There’s always something out there worth reading though, even for the most easily jaded.


#6

This times an awful lot. @Schelfhoutsj, how far outside of superhero books have you ventured? There’s a lot of interesting things happening at indie publishers, and there’s a massive back catalogue of work out there to delve into.


#7

I have read quite a few independent, non-superhero books these past couple of years, like Lazarus, Thief of Thieves, Huck, Mage, and Saga. These books have all been good but, other than Huck and Lazarus, they have all slipped into mediocre storylines that are more soap opera than story. I will still continue to look for books to turnaround and for new books to come out.


#8

I feel like a lot of Big Two comics these days have scenes that are designed to be turned into memes. Cute, feel-good scenes of your favorite superheroes sharing a scone or playing video games or something. So that’s one thing that’s different about comics today.

Can’t know if the creators intend this in every case but that’s the feeling I tend to get from scenes like that. It makes me cringe so I drop any book or avoid them outright if they have a whiff of that.

And yeah, I know Claremont would have the New Mutants watching Magnum P.I. and stuff back in the 80s but the stuff I’m describing feels a little manipulative, empty, and sickly sweet instead of character-building.


#9

It is, i belive, a matter of age… or at least, a matter of how long you´ve been reading comics.
like all things, when you spent so much time in a medium (not only comics, but also TV, Movies and books); it´s impossible to not realize that things tend to repeat themselves.

Of course, as Borges Used to say “It´s not what you tell, it´s how you tell it” and, i belive that the comic book scene is quite healthy in that matter, with creators that put a spin in the way they tell stories that may come as “familiar”.

In that subject, i recommend “Mr. Miracle” by Tom King; wich is a exploration of a Marriage and the relationships between a couple, disguised as a Superhero Bokk.
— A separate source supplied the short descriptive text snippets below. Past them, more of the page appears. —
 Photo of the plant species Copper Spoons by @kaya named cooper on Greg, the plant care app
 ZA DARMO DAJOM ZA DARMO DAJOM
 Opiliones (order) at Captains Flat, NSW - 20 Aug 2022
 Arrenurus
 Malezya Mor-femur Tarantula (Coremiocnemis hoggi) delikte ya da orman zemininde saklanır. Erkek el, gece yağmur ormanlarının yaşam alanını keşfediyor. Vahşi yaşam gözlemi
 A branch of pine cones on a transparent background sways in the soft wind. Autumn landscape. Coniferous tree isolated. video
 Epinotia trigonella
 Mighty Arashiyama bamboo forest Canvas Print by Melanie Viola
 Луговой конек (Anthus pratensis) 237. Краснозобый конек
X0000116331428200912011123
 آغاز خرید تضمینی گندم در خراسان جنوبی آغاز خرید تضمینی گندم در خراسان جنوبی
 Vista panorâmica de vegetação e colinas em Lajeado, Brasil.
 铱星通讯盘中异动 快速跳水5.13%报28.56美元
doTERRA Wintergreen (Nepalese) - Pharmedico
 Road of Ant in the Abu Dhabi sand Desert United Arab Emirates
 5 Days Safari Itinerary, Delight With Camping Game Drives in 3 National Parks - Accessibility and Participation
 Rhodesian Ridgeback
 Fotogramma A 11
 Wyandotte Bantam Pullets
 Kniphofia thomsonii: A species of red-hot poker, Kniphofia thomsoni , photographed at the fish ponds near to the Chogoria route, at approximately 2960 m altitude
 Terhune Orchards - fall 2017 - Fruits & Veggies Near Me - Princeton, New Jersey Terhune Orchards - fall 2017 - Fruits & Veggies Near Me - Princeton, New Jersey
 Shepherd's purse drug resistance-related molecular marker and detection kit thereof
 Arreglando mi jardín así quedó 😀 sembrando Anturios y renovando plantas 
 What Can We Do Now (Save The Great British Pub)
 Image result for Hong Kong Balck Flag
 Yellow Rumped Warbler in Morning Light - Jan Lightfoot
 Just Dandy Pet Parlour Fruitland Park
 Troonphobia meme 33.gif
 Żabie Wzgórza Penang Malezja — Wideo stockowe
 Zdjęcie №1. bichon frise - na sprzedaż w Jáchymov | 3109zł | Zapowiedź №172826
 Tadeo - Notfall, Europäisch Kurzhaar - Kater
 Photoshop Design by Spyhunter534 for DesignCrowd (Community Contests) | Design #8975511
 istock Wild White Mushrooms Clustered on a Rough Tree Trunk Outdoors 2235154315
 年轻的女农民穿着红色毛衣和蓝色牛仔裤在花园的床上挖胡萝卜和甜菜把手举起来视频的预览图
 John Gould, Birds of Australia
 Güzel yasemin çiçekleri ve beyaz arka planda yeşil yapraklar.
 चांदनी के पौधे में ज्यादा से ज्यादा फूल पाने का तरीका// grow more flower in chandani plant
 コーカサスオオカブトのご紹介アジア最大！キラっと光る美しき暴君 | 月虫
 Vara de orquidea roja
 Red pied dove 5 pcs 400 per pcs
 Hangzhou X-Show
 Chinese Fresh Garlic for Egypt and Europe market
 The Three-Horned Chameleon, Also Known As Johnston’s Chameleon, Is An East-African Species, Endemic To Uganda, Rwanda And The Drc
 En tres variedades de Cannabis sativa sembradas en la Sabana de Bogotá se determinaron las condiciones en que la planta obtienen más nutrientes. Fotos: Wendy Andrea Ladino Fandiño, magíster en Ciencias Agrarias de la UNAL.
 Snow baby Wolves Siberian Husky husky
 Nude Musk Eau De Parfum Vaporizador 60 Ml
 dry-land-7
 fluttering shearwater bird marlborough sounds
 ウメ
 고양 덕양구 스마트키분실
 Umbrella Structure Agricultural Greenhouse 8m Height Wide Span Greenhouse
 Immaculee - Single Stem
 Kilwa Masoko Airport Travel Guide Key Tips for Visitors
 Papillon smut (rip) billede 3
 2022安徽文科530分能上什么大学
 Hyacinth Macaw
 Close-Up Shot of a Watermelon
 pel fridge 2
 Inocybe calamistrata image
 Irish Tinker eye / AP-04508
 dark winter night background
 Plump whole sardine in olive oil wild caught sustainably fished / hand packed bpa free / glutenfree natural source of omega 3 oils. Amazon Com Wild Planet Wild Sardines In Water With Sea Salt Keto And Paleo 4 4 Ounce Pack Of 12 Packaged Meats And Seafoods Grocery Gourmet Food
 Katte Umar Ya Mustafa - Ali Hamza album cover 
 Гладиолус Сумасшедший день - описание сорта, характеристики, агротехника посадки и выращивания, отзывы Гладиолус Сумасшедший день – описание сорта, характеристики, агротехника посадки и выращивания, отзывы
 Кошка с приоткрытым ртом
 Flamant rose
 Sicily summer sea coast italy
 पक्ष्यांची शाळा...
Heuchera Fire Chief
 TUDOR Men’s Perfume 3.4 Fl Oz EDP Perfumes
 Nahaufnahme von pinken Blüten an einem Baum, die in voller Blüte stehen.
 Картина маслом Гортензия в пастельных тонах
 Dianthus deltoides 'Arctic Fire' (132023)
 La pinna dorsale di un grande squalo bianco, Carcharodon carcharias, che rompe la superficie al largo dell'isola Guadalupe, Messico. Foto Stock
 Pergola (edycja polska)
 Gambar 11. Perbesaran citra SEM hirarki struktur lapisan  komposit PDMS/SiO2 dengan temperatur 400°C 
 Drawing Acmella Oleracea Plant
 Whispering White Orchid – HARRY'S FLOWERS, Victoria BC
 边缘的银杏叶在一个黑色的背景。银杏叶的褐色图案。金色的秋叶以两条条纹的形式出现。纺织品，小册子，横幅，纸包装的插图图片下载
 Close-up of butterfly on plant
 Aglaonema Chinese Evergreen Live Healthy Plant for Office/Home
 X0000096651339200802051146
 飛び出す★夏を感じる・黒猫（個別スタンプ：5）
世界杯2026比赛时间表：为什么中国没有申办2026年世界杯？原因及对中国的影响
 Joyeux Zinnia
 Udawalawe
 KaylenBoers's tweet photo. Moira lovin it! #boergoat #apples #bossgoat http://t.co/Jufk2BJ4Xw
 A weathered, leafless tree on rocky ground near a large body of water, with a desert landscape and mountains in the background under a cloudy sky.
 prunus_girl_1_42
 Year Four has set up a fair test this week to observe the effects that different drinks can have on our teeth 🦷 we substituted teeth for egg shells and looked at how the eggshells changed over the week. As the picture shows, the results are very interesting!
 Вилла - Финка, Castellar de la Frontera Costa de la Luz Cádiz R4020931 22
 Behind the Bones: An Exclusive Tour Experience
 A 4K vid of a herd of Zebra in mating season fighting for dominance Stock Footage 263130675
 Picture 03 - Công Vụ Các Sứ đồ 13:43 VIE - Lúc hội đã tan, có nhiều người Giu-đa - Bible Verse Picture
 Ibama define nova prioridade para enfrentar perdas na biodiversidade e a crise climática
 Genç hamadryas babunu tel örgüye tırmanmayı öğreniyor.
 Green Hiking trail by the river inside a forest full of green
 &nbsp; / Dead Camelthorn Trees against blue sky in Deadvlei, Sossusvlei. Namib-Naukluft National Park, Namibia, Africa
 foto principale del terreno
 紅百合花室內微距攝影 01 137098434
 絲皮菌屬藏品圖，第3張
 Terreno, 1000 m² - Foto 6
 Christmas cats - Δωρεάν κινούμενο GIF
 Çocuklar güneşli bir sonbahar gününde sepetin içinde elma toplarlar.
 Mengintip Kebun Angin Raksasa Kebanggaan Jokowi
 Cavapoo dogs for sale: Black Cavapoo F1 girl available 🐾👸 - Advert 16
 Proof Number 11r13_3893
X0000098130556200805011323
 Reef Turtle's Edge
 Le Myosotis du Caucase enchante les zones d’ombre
And that is just mainstream…


#10

Funny that you should mention “Mr. Miracle” since that is the only other superhero book (other than Batman, which Tom also writes superbly) that I am reading right now. There are some good books out there. I think that I need a breather from it all to be able to enjoy the medium again. In the meantime, if I only buy two books, then I only buy two books. Maybe one day it’ll be three books.
I am cleaning out my old books by donating the under-$6-$8 books (almost 75% of them) to the local Girl’s Club, where they give them out as prizes to the girls who have earned enough good behavior points to exchange for them. Seems like a good way to get new readers and I get to clear out some attic space!


#11

There’s been quite a few smaller stories in recent years that either weren’t popular enough or just got overlooked and regardless of why ended as only one or two volumes:

  • Symmetry
  • Renato Jones
  • Near Death
  • C.O.W.L

Then there’s some great complete tales that are just one volume and that’s it:

  • Three by Gillen
  • Hadrian’s Wall
  • Black Summer

There’s more, these are just off the top of my head.